Source records:

"""

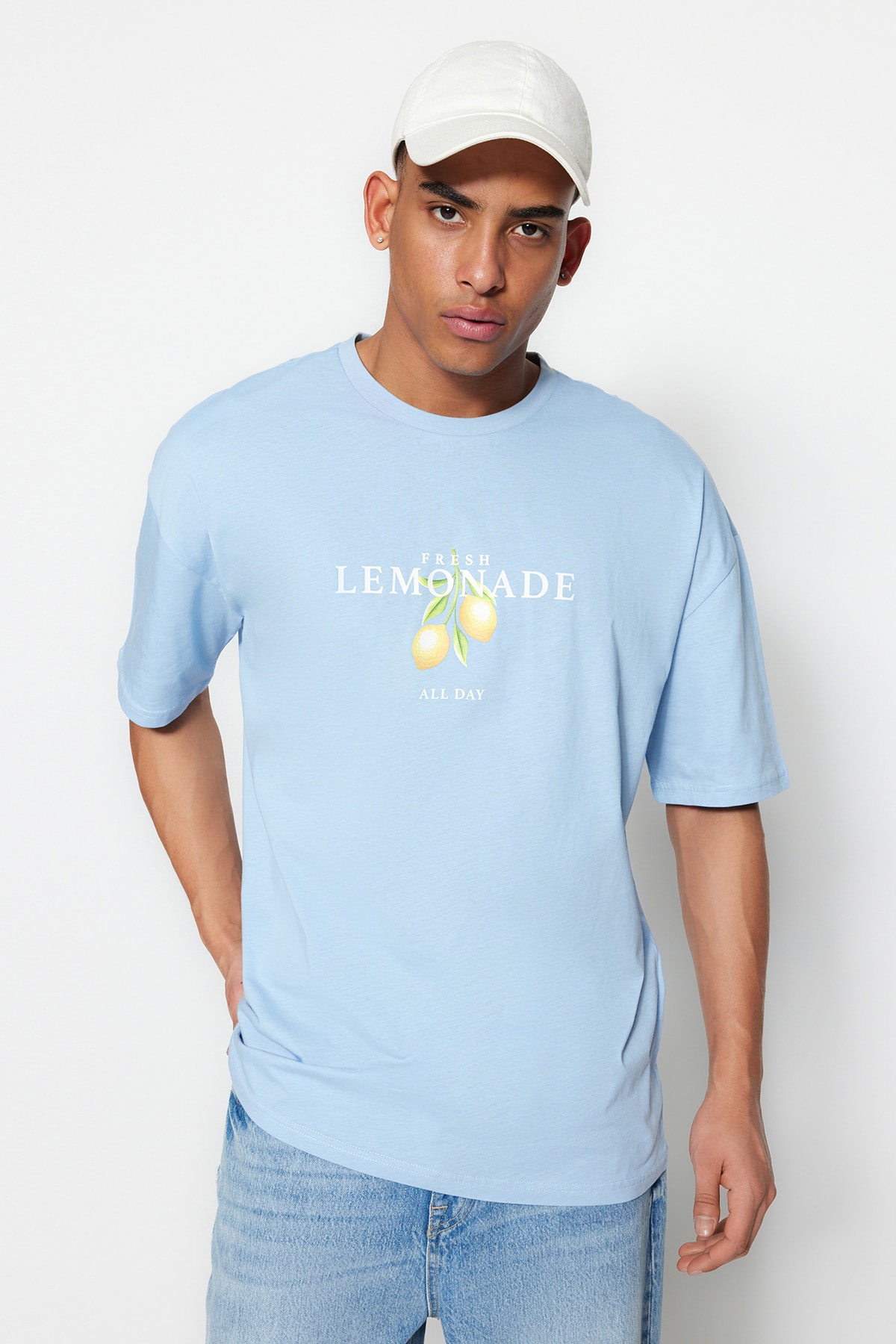 Trendyol Light Blue Unisex Oversize/Wide Fit Crew Neck Short Sleeve Printed T-Shirt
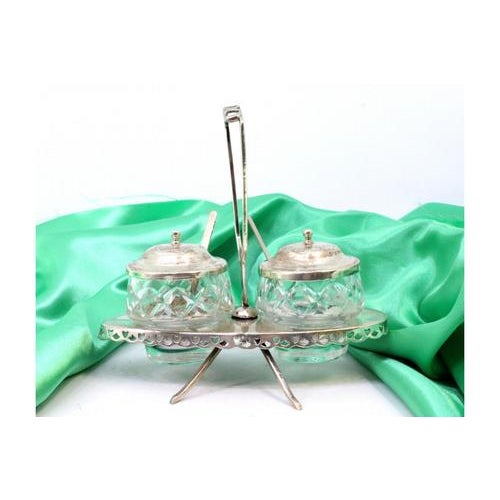 Salt and Pepper Shakers with Glass Cores, Cut-Out Structure, Silver Spoons and Lids, Set of 4 For Sale - Image 4 of 7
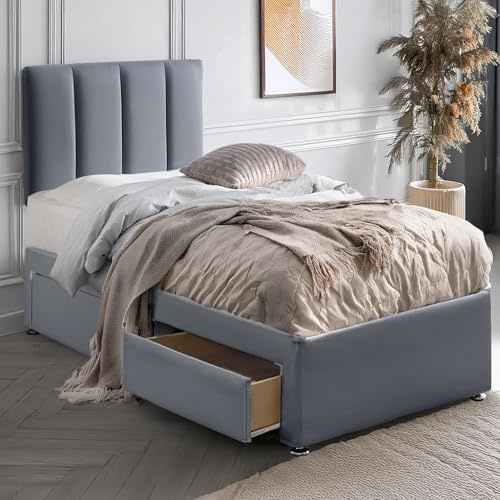 ComfoRest Divan 3FT Single Bed with Mattress Included and Storage, Grey | Made in Britain | 91.5 x 190.5cm | medium-firm mattress included and ready to sleep on | upholstered plush fabric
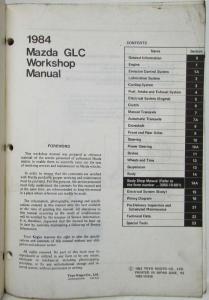 1984 Mazda GLC Service Shop Repair Manual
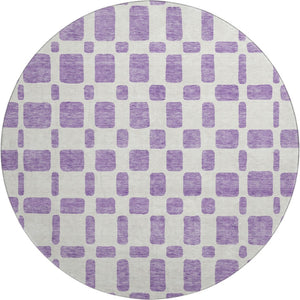 HomeRoots 8' Modern Geometric Purple & Ivory Washable Round Rug - Stain Resistant, UV Protected & Durable! 669309
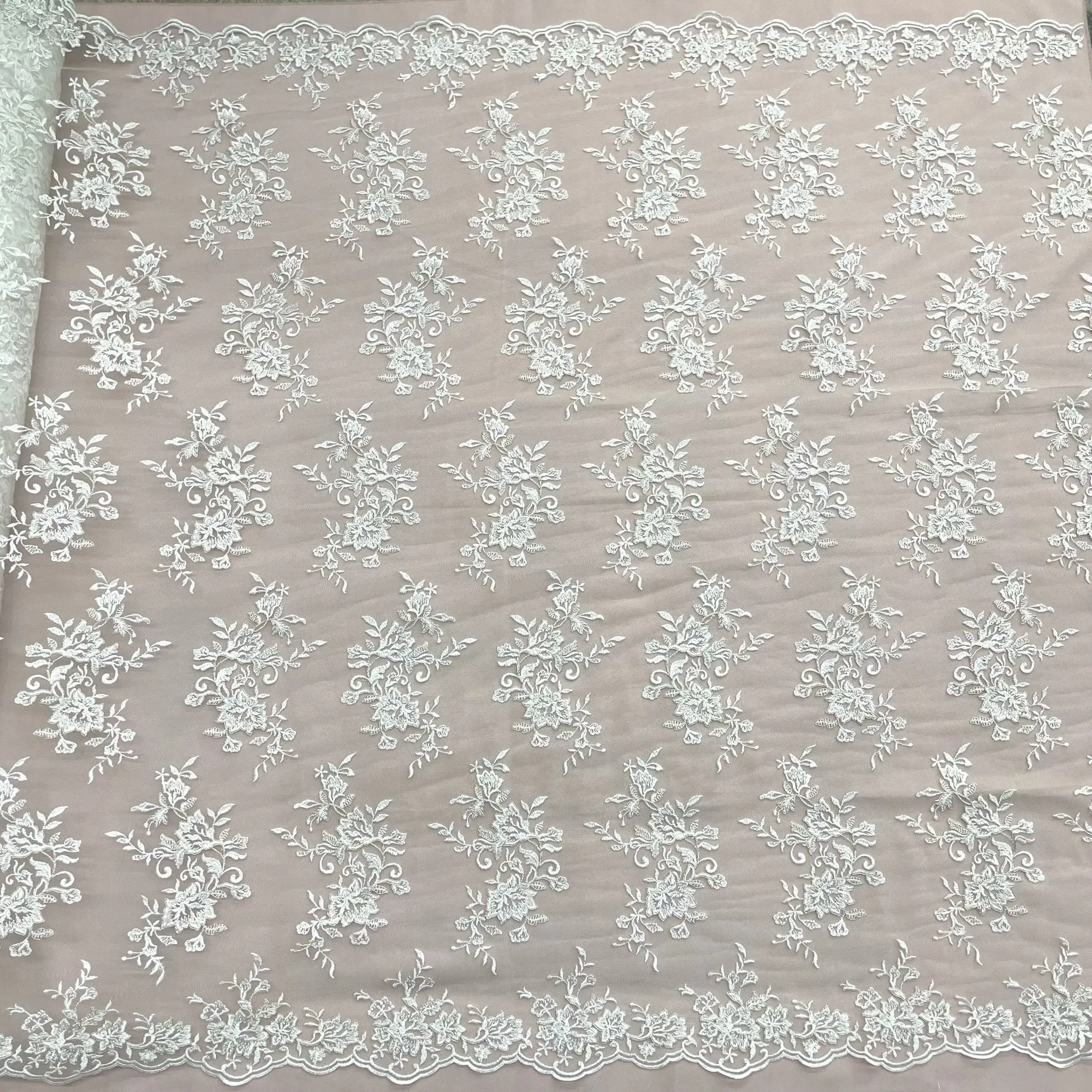 Corded Bridal Lace Fabric Embroidered on 100% Polyester Net Mesh | Lace USA - 97154W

"""

◆ **Exercise**
Output the records verbatim without pictures.

◆ **Answer section**
 Trendyol Light Blue Unisex Oversize/Wide Fit Crew Neck Short Sleeve Printed T-Shirt
 Salt and Pepper Shakers with Glass Cores, Cut-Out Structure, Silver Spoons and Lids, Set of 4 For Sale - Image 4 of 7
 ComfoRest Divan 3FT Single Bed with Mattress Included and Storage, Grey | Made in Britain | 91.5 x 190.5cm | medium-firm mattress included and ready to sleep on | upholstered plush fabric
 1984 Mazda GLC Service Shop Repair Manual
 HomeRoots 8' Modern Geometric Purple & Ivory Washable Round Rug - Stain Resistant, UV Protected & Durable! 669309
 Corded Bridal Lace Fabric Embroidered on 100% Polyester Net Mesh | Lace USA - 97154W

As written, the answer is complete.